Martin Luther King Jr. was assassinated fifty years ago, on April 4, 1968. He was in Memphis supporting trash collectors’ bid for safer working conditions and higher wages. In the years since, King’s legacy has become a political battleground. The figure of King, now etched in stone monument and celebrated in an annual national holiday, has been used to support everything from radical, insurgent protest to selling Dodge Rams.
In the essays that follow, each author chips away at the patina that has built up around King’s figural representation in our collective political culture. The authors invite us to more than a return to the “real” King. Rather, they invite us to engage King as a partner to discerning our own place in a world that continues to be fundamentally marked by the triplets of evil: racism, materialism, and militarism.
In Vincent Lloyd’s essay, “Martin Luther King Jr.’s Advice for Living” he turns to King’s advice column in Ebony Magazine as a source for accessing King the pastor. What Lloyd finds is complicated: a King that both embodies and resists the structures of domination that characterized his world. Yet, Lloyd argues, King’s example invites us not to emulate King directly, but to the practice of conscience, of practical reasoning, that King encouraged in his readers.
Kyle Brooks takes a personal tack in “Between Nostalgia and Critical Memory” by exploring three locations of his own memories of King, and how those memories are wrapped up in the construction of the Black public sphere. Using the analysis of Houston Baker, Brooks calls for an critical memory that honors as it critiques.

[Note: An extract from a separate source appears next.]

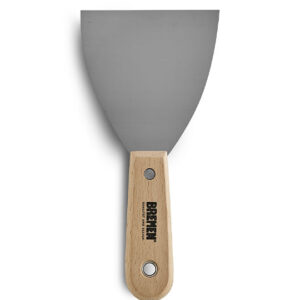 Espátula Profesional (Mango Madera) 1 1/2" Bremen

Finally, Daniel Wyche in “Dr. King and the Life of the Question” encourages us to step back from the King’s answers and walk with King’s questions. By dwelling with King’s deep questions, Wyche contends, we can keep King’s critical, curious, and incisive memory alive.
Together these essays do not resolve the debates that rage over the figure of King. What they do, rather, is to suggest modes of inhabiting his radical legacy that reject hagiography and acknowledge the critical distance between his time and our own.